Slaying Goliath is a remarkable book. That is to say, it is a remarkably bad book, and its dismal quality is all the more startling given the pedigree of the author.

Diane Ravitch received her doctorate in history from Columbia University in 1975 and was later appointed to the faculty, where she taught the history of education. She has served in the Department of Education in both the George H.W. Bush and Clinton administrations, and later joined the Brookings Institution. Her 13 books include The Great School Wars: New York City, 1805-1973 (1974), which earned well-deserved praise, as did What Do Our 17-Year-Olds Know? (1987) written with Chester Finn, Jr. of the Fordham Institute. E.D. Hirsch credits her support in the conception and publication of his groundbreaking Cultural Literacy: What Every American Needs to Know (1988).

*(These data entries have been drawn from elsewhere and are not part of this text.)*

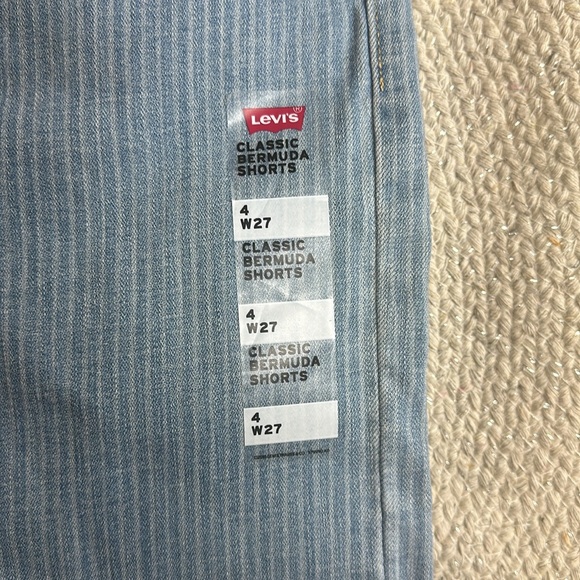 Levi classic Bermuda shorts - Picture 2 of 10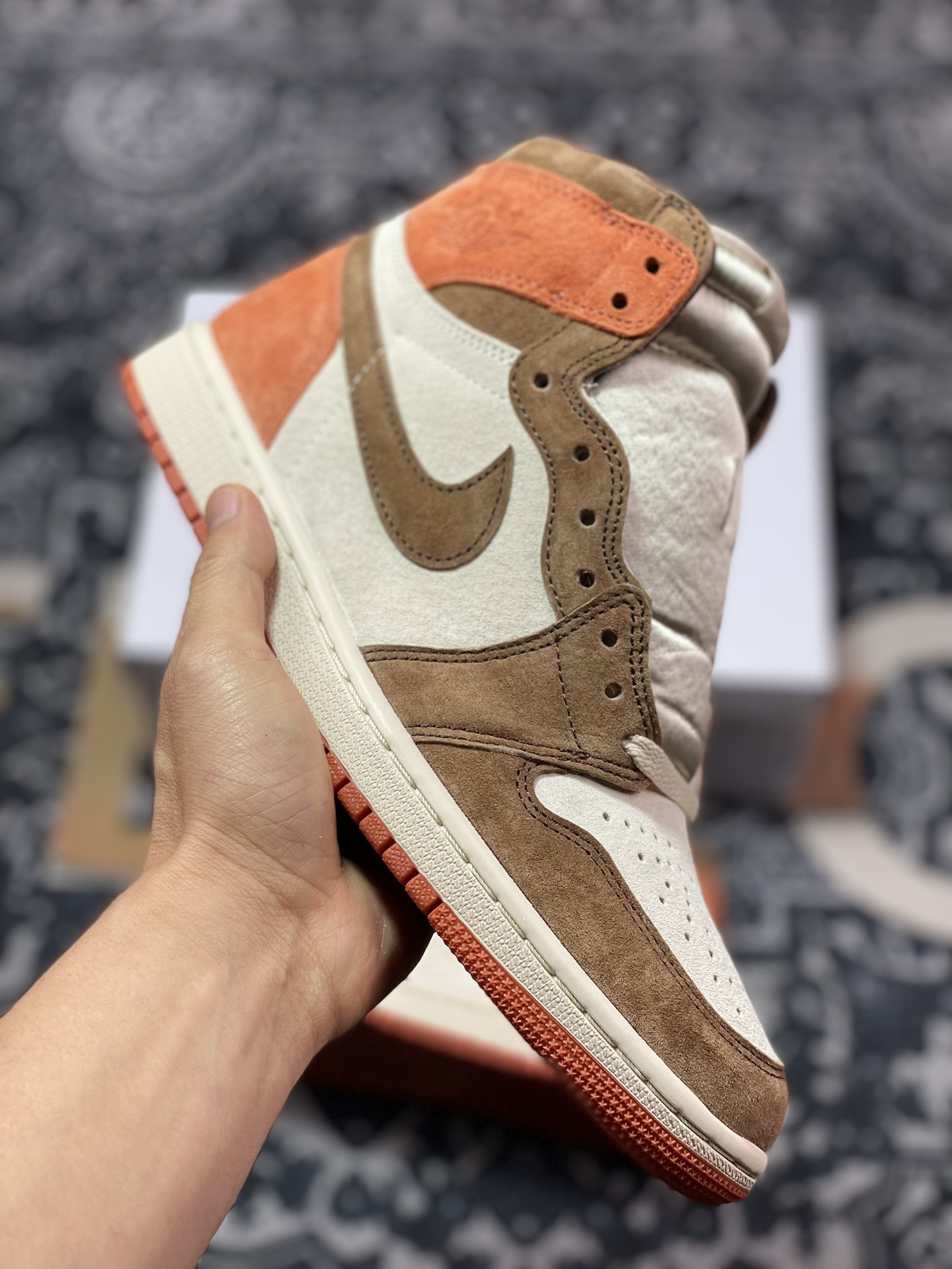 260 原装级别 F版 Air Jordan 1 High OG “Dusted Clay” AJ1 乔1沙丘可可色 高帮篮球鞋 FQ2941-200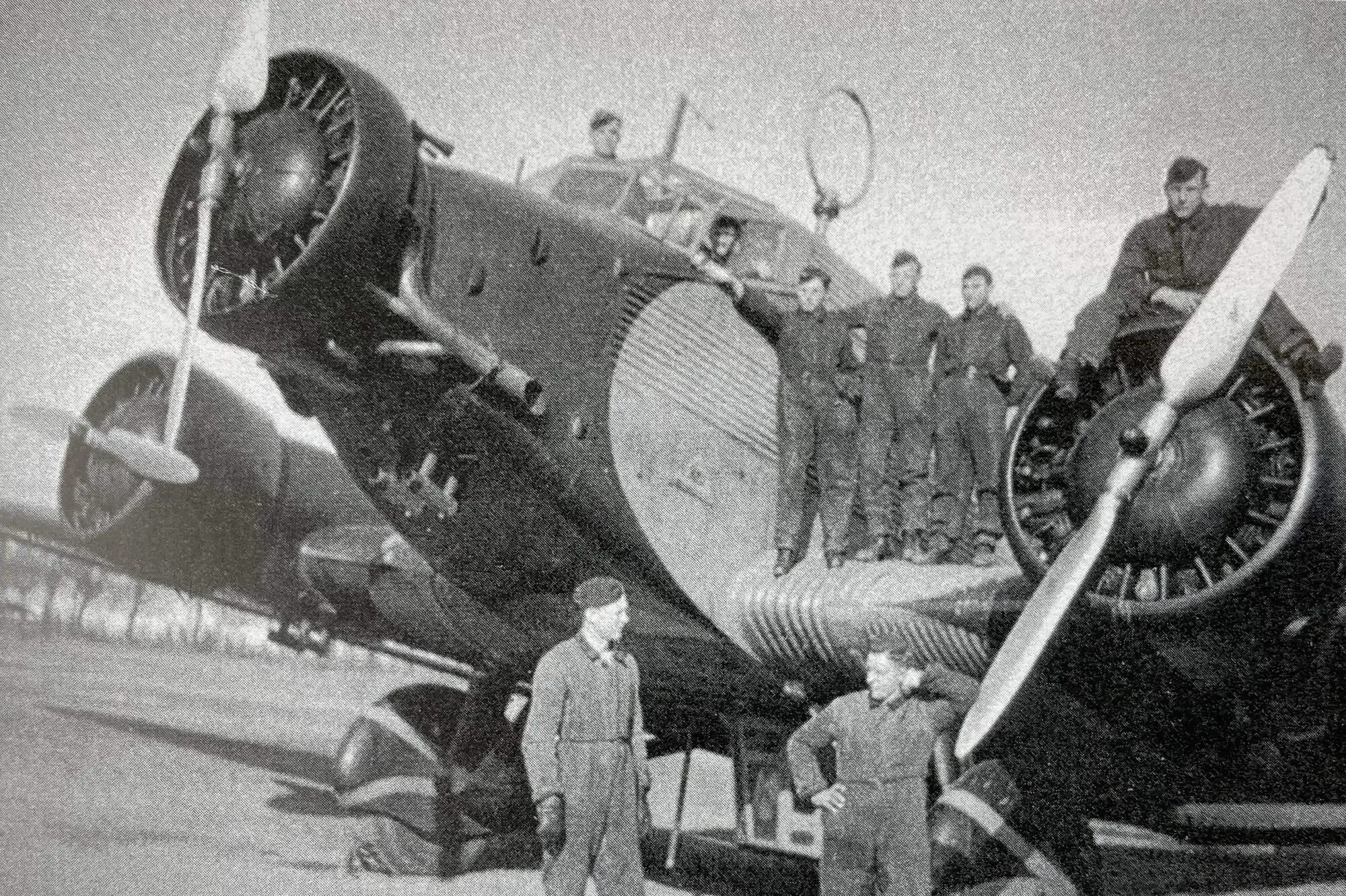 Hangar-312 Flugzeug des Militärs mit Soldaten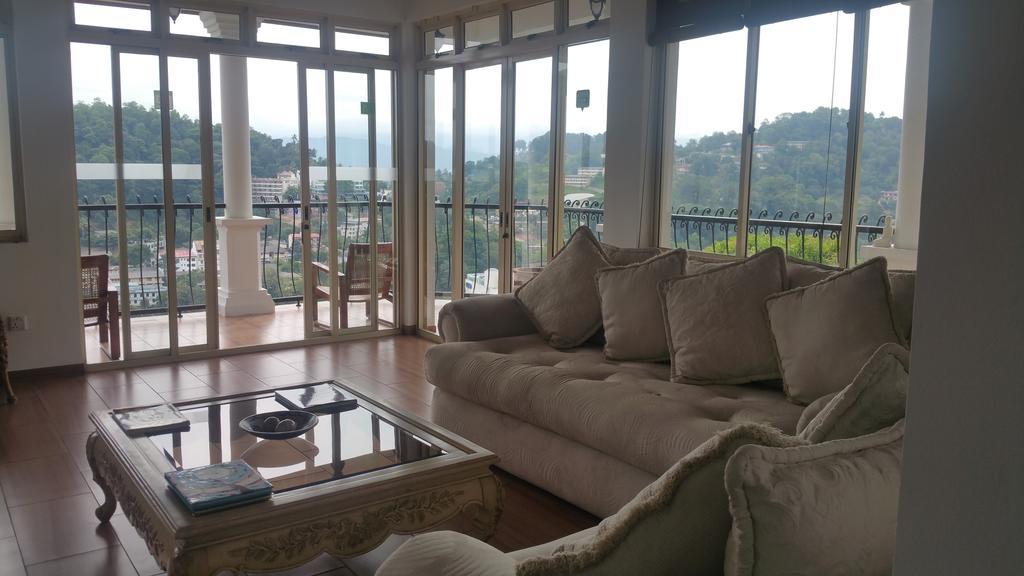 36 * Kandy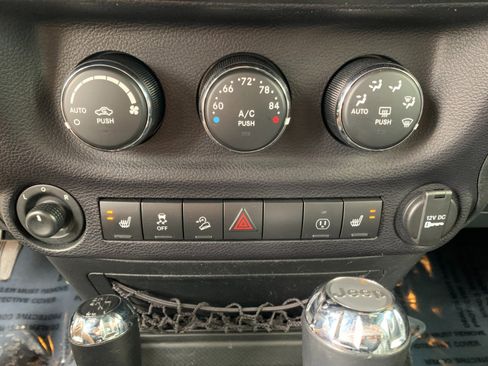 Used 2017 Jeep Wrangler Unlimited Rubicon AWD/4WD image 20
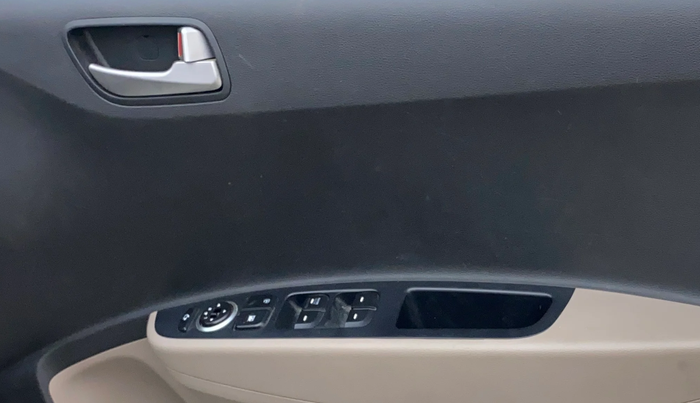 2014 Hyundai Grand i10 ASTA 1.2 KAPPA VTVT, Petrol, Manual, 72,604 km, Driver Side Door Panels Control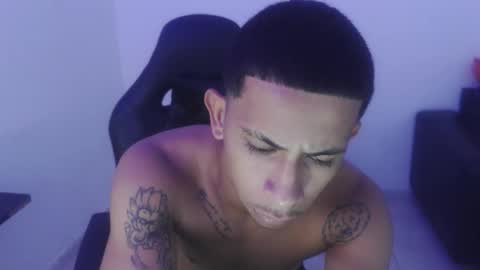 alphas_latins online show from 03-03-26, 06:08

Around 2006 Ravitch made an unexpected turn, repudiating most of her previous education reform activity. Since then, she has become a virulent opponent of most efforts at school reform and an ardent supporter of the unreconstructed public school system. Since then, her book titles speak for themselves: Reign of Error: The Hoax of the Privatization Movement and the Danger to America’s Public Schools, and her latest, Slaying Goliath: The Passionate Resistance to Privatization and the Fight to Save America’s Public Schools. Diane Ravitch 2.0 has moved away from careful scholarly activity into a shady world of vituperative name-calling.

The Deplorable Disrupters

Slaying Goliath is an embarrassment with a preposterous title. To identify, for example, the politically dominant behemoth National Education Association with the heroic, diminutive David is an allusion borrowed from an alternate reality. The book, moreover, is one long ad hominem attack aimed at a wild variety of targets. Those who disagree with the author do not deserve “the honorable word reform, which they have brazenly appropriated.” Rather, they are all “Disrupters” who are interested only in their “own well-being.” Ravitch thunders, “I will not allow the term ‘reform’ to be hijacked by those who have a hidden agenda.”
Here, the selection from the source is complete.